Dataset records
==========

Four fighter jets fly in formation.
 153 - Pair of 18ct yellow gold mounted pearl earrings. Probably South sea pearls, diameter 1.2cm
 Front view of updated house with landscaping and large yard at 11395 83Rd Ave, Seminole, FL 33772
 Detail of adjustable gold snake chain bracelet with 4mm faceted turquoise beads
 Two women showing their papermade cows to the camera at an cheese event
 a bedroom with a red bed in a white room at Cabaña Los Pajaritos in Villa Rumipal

==========

TASK BRIEF:
Set down only the lines from the line with "Front view of" through the last line of the data above, keeping both the first and the last.

RESULT BELOW:
 Front view of updated house with landscaping and large yard at 11395 83Rd Ave, Seminole, FL 33772
 Detail of adjustable gold snake chain bracelet with 4mm faceted turquoise beads
 Two women showing their papermade cows to the camera at an cheese event
 a bedroom with a red bed in a white room at Cabaña Los Pajaritos in Villa Rumipal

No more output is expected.